--- Entries supplied ---

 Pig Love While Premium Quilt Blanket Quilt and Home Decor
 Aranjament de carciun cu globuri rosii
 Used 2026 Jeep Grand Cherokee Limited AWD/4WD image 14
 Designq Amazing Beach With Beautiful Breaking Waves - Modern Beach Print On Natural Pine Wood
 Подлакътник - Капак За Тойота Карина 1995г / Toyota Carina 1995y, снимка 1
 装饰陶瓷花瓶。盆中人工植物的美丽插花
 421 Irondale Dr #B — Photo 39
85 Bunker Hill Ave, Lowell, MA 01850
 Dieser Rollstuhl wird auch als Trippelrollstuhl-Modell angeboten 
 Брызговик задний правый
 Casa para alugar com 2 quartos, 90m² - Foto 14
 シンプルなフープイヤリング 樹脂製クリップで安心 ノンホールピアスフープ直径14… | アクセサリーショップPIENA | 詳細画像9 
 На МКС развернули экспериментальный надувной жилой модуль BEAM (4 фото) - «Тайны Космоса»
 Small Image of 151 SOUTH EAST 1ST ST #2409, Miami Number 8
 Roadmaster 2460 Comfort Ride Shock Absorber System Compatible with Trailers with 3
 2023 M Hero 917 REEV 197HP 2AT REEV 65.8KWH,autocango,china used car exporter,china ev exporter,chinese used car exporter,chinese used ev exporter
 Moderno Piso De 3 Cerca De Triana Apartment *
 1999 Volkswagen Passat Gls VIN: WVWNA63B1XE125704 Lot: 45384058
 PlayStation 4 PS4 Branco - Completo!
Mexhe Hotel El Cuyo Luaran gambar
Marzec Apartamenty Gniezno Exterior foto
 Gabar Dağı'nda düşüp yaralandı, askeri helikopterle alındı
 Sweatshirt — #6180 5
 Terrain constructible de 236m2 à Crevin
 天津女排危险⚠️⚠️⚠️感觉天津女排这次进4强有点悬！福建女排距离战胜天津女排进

---

Task brief |
Retype every line of the data above exactly.

Answer box |
 Pig Love While Premium Quilt Blanket Quilt and Home Decor
 Aranjament de carciun cu globuri rosii
 Used 2026 Jeep Grand Cherokee Limited AWD/4WD image 14
 Designq Amazing Beach With Beautiful Breaking Waves - Modern Beach Print On Natural Pine Wood
 Подлакътник - Капак За Тойота Карина 1995г / Toyota Carina 1995y, снимка 1
 装饰陶瓷花瓶。盆中人工植物的美丽插花
 421 Irondale Dr #B — Photo 39
85 Bunker Hill Ave, Lowell, MA 01850
 Dieser Rollstuhl wird auch als Trippelrollstuhl-Modell angeboten 
 Брызговик задний правый
 Casa para alugar com 2 quartos, 90m² - Foto 14
 シンプルなフープイヤリング 樹脂製クリップで安心 ノンホールピアスフープ直径14… | アクセサリーショップPIENA | 詳細画像9 
 На МКС развернули экспериментальный надувной жилой модуль BEAM (4 фото) - «Тайны Космоса»
 Small Image of 151 SOUTH EAST 1ST ST #2409, Miami Number 8
 Roadmaster 2460 Comfort Ride Shock Absorber System Compatible with Trailers with 3
 2023 M Hero 917 REEV 197HP 2AT REEV 65.8KWH,autocango,china used car exporter,china ev exporter,chinese used car exporter,chinese used ev exporter
 Moderno Piso De 3 Cerca De Triana Apartment *
 1999 Volkswagen Passat Gls VIN: WVWNA63B1XE125704 Lot: 45384058
 PlayStation 4 PS4 Branco - Completo!
Mexhe Hotel El Cuyo Luaran gambar
Marzec Apartamenty Gniezno Exterior foto
 Gabar Dağı'nda düşüp yaralandı, askeri helikopterle alındı
 Sweatshirt — #6180 5
 Terrain constructible de 236m2 à Crevin
 天津女排危险⚠️⚠️⚠️感觉天津女排这次进4强有点悬！福建女排距离战胜天津女排进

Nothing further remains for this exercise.